Mi opinión es libre. Mi
juicio no. Menos aún mi prejuicio, inherente a toda persona que piensa,
siente, dice y teme. Vivir no es lo normal. Vivir es lo anómalo. Es
resistirse ante la desaparición. El prejuicio es un mecanismo de
supervivencia, una forma de trinchera desde donde arrojar piedras sin
que las manos se vean.
Pero somos ego, lo único que nos mantiene
vivos, porque deseamos asistir, no lo nieguen —quien lo niegue miente— a
la destrucción, pero siempre desde la barrera, procurando que no nos
afecte, de todo lo que no tenga que ver con nosotros.
Todo nos
afecta, y gracias a eso, nos apostamos en las atalayas como
francotiradores dispuestos a reventar de un disparo la paz interna que
nos brinda la confusión. Nos da vergüenza equivocarnos porque está mal
visto. Por eso es bueno pedir perdón, aceptar disculpas, condescender.

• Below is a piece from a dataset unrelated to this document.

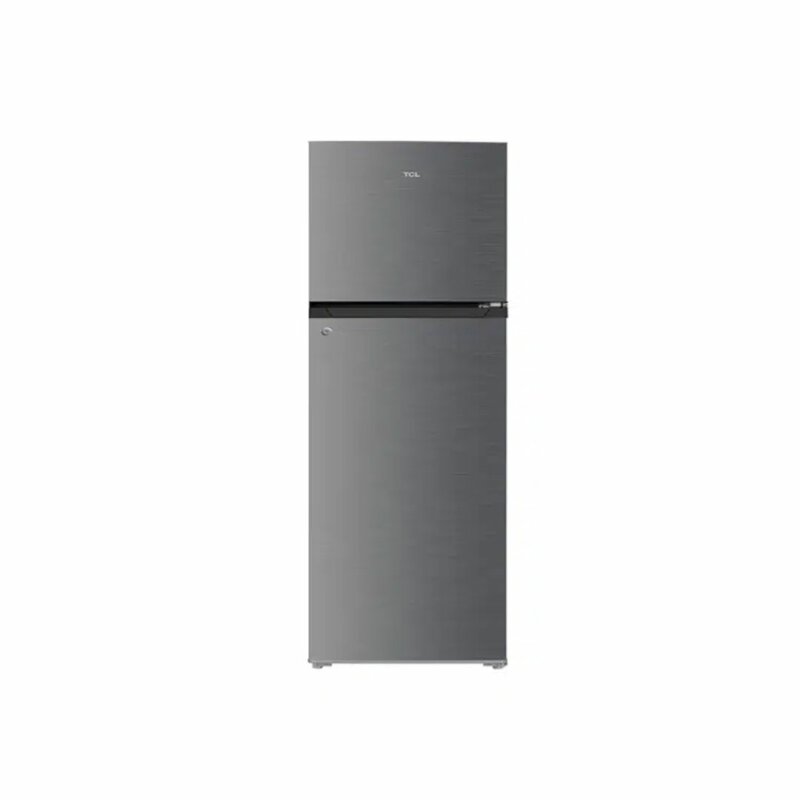 TCL P433TMS 334L Top Mounted Refrigerator by Other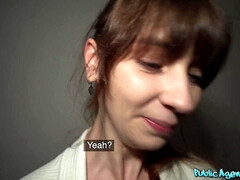 Cul, Queue, Hard, Seins naturels, Pov, Chatte, Timide, Adolescente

Porque lo aleatorio, lo fortuito es un defecto. Todo lo que no se
controla es semilla de miedo. El miedo. El miedo a que nos maten y a ser
capaces de matar. El miedo a ofender y a que nos ofendan. El miedo a
sentir y a que nos sientan. El miedo a no ser, y a que no nos sean.
A nadie le amarga un dulce ni una palmadita en la espalda, tampoco una
caricia. Pero ese dulce, esa palmadita, esa caricia viene siempre con
cláusula de retribución. Decir que no es un privilegio. Decir que sí es
un atrevimiento. No decir nada es, simplemente, atroz.
La opinión
es libre, no pública, ojo. La opinión pública es una obscenidad, una
perversión de la libertad. Un allanamiento, una invasión de la casa del
pensamiento. Una violación de la hiperpersona que está por encima de
todo eso. Un ultraje perverso a la impureza.